Jakarta – Rangkaian perayaan Tri Hari Suci di Gereja Katedral Santa Maria Diangkat ke Surga, Jakarta, berlangsung dengan aman, lancar, dan penuh khidmat.

Keberhasilan ini tidak lepas dari kerja keras berbagai pihak yang memastikan ribuan umat dapat beribadah dengan tenang sejak Kamis Putih hingga perayaan Pontifikal Paskah.

Di balik kekhusyukan liturgi yang megah, terdapat peran krusial dari Seksi Hubungan Antar Agama dan Kemasyarakatan (HAAK) Katedral.

Di bawah koordinasi Hendrik Baria, tim HAAK menjadi jembatan komunikasi lintas unsur, mulai dari aparat keamanan TNI-Polri, relawan internal, hingga masyarakat sekitar.

Sinergi ini terwujud dalam detail operasional yang presisi, seperti pengaturan alur keluar-masuk umat yang tertata rapi serta penjagaan keamanan lingkungan gereja.

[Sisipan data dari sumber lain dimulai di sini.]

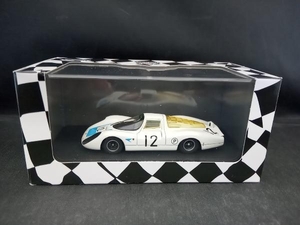 EBBRO 1/43 SUPER GT300 Okayama Test ENDLESS TAISAN PORSCHE 2013 No.0 WHITE エブロ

Kehadiran mereka memastikan suasana kondusif di tengah masyarakat Jakarta yang majemuk, mencerminkan semangat kebersamaan Gereja dengan lingkungan sekitarnya.

Pertemuan Hangat dengan Bapak Kardinal Usai menunaikan seluruh rangkaian tugas pengamanan dan pelayanan, para anggota Seksi HAAK berkesempatan melangsungkan pertemuan hangat dengan Uskup Agung Jakarta, Kardinal Ignatius Suharyo.

Dalam pertemuan yang berlangsung sederhana tersebut, para anggota menyampaikan ucapan Selamat Paskah sekaligus ungkapan syukur atas penyertaan Tuhan selama masa sibuk pekan suci.

Momen ini menjadi bentuk apresiasi dari sang gembala kepada umatnya yang telah mendedikasikan waktu dan tenaga dalam semangat pelayanan.

“Keberhasilan perayaan ini bukan sekadar soal teknis organisasi, melainkan buah dari iman, dedikasi, dan kerja sama yang tulus dari semua pihak,” ungkap perwakilan tim HAAK.

Tri Hari Suci di Katedral Jakarta tahun ini meninggalkan pesan mendalam bagi umat Katolik di Jakarta.

Terang Paskah tidak hanya dirayakan di dalam gedung gereja, tetapi juga dihidupi melalui aksi nyata kolaborasi dan toleransi, menjadi saksi kasih dan damai di tengah kehidupan berbangsa.